Event logs · DDD · RDBMS

Event logs, logical vs physical

I’m often loathe to blog about things I have read in a book, for fear of plagiarising, and not adding to the discourse, but something that I have read really needs to be shared more and more.

The reason I am so excited is because this answers a difficult question, how to deal with undo.

When an event log is created (in a database), a decision is normally made, are the events that are being appended to the log this the action that is being taken (this is the logical event log) or the state after the action.

A bank statement is an example of an event log that holds both state (the balance) and logic (what occurred to change the state)

However, the cost of storing the state can be quite a bit, as there might be a lot of data in each state, and, further, some of it may never be used again.
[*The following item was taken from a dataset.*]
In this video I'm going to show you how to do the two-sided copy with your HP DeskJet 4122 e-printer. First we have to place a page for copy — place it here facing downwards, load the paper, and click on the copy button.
The cost of storing only the actions that change the state is the ability to “undo” is expensive in time and CPU effort. How? An action can only be performed on a state, the reciprocal action (the undo) may not be simple to calculate. For example, “Delete this data block” requires knowledge of the previous state (what was deleted) in order to rebuild that data block.
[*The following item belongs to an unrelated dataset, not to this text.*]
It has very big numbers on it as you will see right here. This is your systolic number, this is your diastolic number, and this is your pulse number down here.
The only way to “undo” using the logical log is often achieved using the following steps.

  • Snapshots of the state are taken every n events
  • When an “undo” is requested, load the state at that snapshot
  • Then replay the events on that snapshot from the time of snapshot to the step before the current one.

Wash, rinse, repeat for each “undo”.

A far simpler algorithm exists for undoing a physical log, change the viewer from now to the previous state.

A database has a long lived projection but the WAL (which is the event log) is temporal, effectively the length of time between snapshots, meaning the state of the system before a previous snapshot is unreachable.

In an event driven system, though, the aggregates are normally only a few events long, and the history of the state may be required for several years, meaning that the states need to be persisted for a great deal of time.

Understanding this balance, like everything in engineering, allows developers to make informed decisions on what approach (or hybrid approach) to take.